Risposero all’appello personaggi in gran parte sconosciuti, ma di chiara matrice isolana: Stefano Schivo, Giovanni Secchi, Salvatore Serra, Vincenzo Capra, Ilario Milia, Pasquale Porrà, Giovanni Cossu, Pietro Fiori, Antonio Saiu, Battista Porcu; tra loro anche giovanissimi come il cagliaritano Antonio Ponsiglioni, futuro parlamentare nonché rettore dell’Università di Genova, che nelle sue memorie poté vantarsi di aver indossato la camicia rossa appena diciottenne.

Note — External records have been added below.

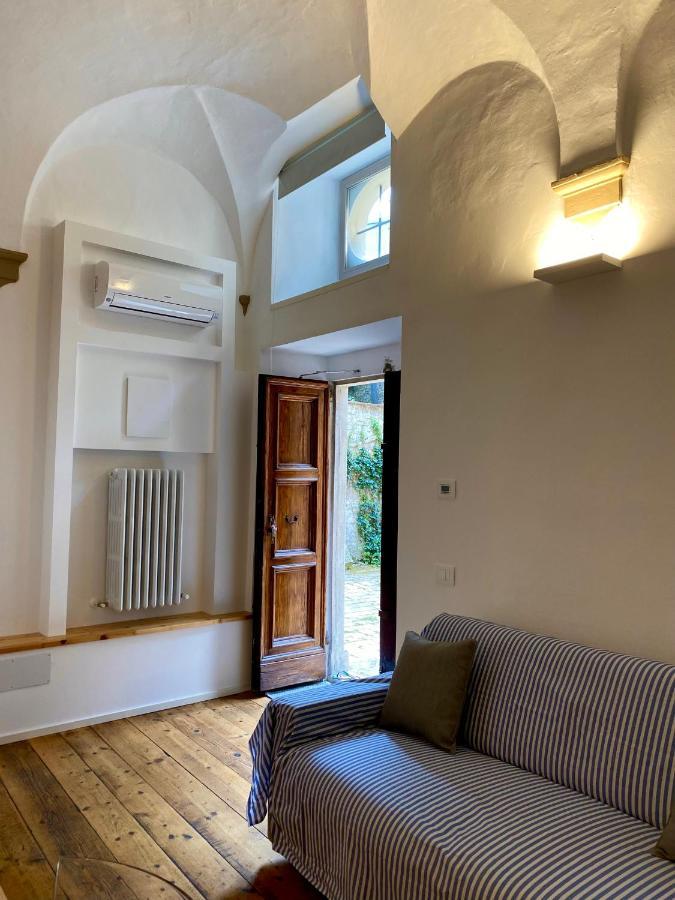 Il Cortile In Centro Apartment Pesaro Exterior photo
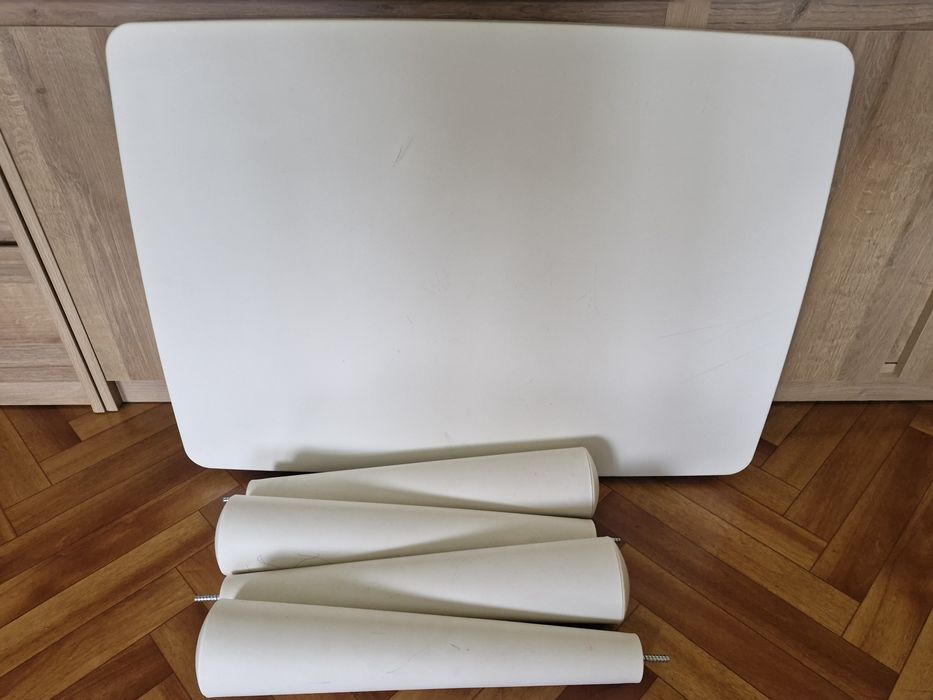 Отдам за тортик детский столик IKEA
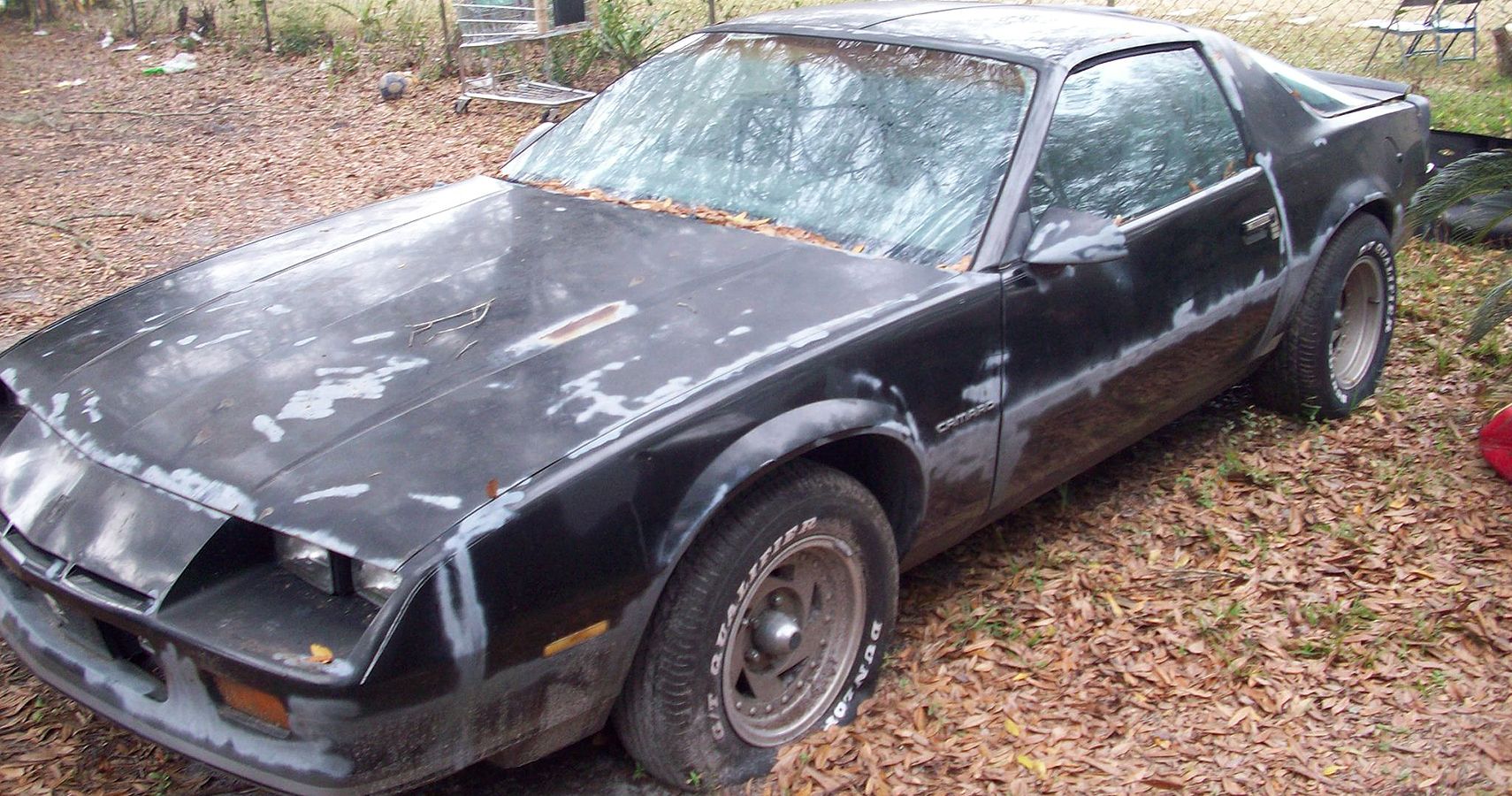 15 Images Of Abandoned Camaros That Made Us Teary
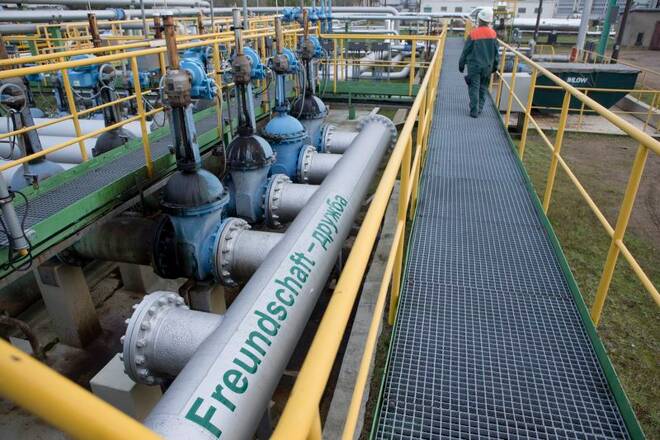 ARCHIV: Gesamtansicht des Endes der 5000 km langen Druschba-Pipeline in der Erdölraffinerie der Petrolchemie und Kraftstoffe (PCK) in Schwedt/Oder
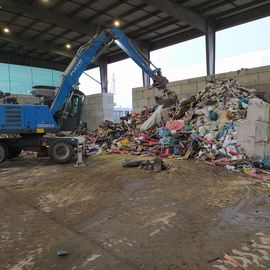 Mobiler Sortierkran bei der Arbeit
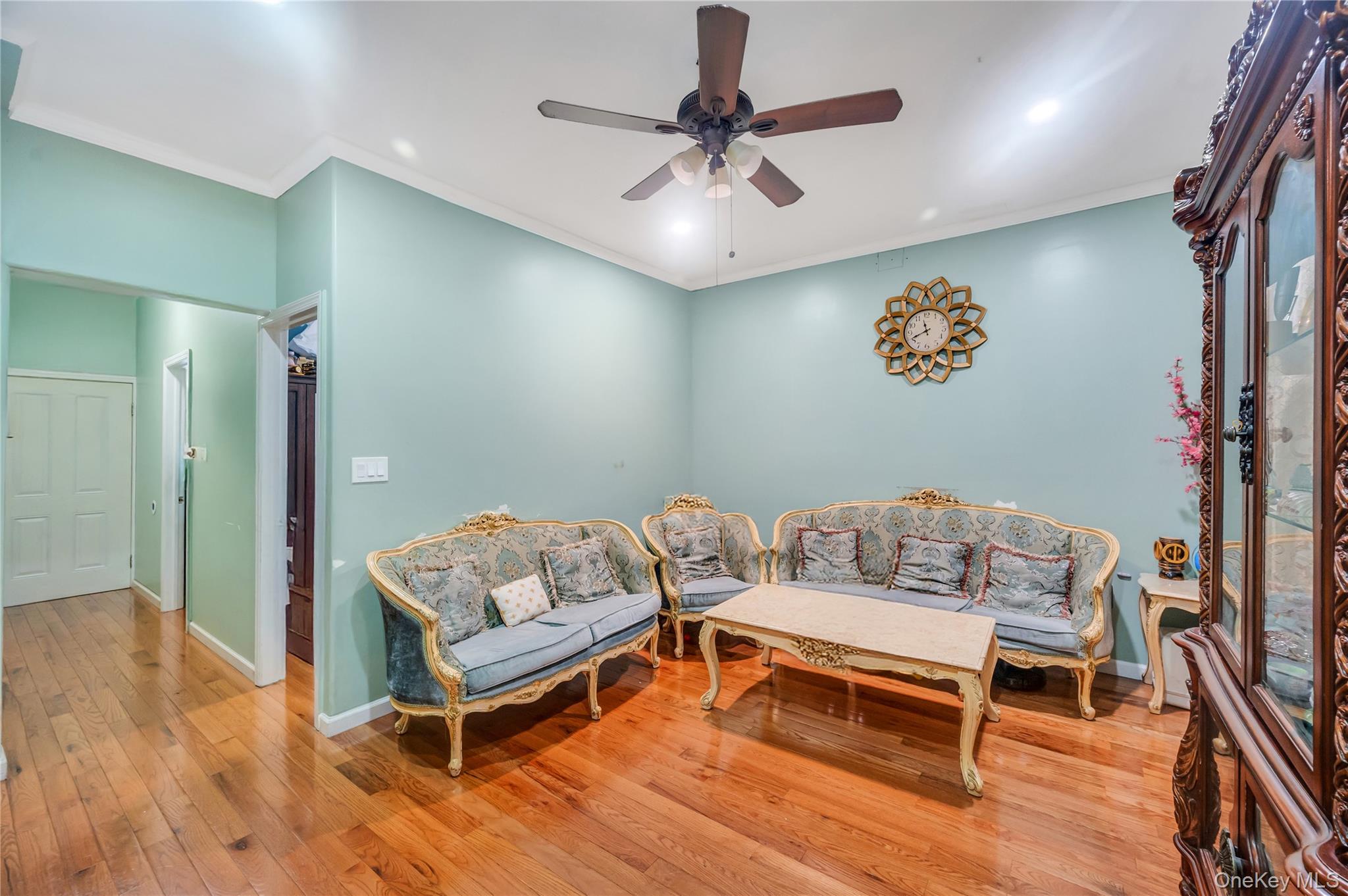 371 Pine Street, Brooklyn, NY 11208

A chiudere le storie di quanti aderirono alle imprese garibaldine e furono legati alla Sardegna, quella raccontata dalla lapide posta al cimitero monumentale di Bonaria, a Cagliari, in cui si può leggere “Nato il 22 dicembre 1833. Morto il 6 gennaio 1911. Fu soldato valoroso nelle file garibaldine”. La fotografia ritrae Evangelista Antinori, che concluse la sua esperienza di vita in Sardegna. L’isola non offrì però solo uomini all’impresa garibaldina, ma anche e soprattutto la sua strategica posizione geografica. La Sardegna fu allora un fondamentale centro di raccolta per i patrioti provenienti da varie parti d’Italia e coordinati dal medico genovese Agostino Bertani. Attorno a lui si era costituito a Golfo Aranci un esercito di 5 mila uomini. Caprera, in particolare, isola di Utopia, contribuì a determinare la mitizzazione di Garibaldi. Accanto all’idea dei Due Mondi, dei due continenti sconfinati, nei quali l’Eroe era vissuto, aveva combattuto e sofferto, vi è la casa bianca di Caprera, dove Garibaldi, concluse le operazioni militari e consegnati i territori conquistati a Vittorio Emanuele, visse rifiutando gli onori e gli allori del governo e delle istituzioni.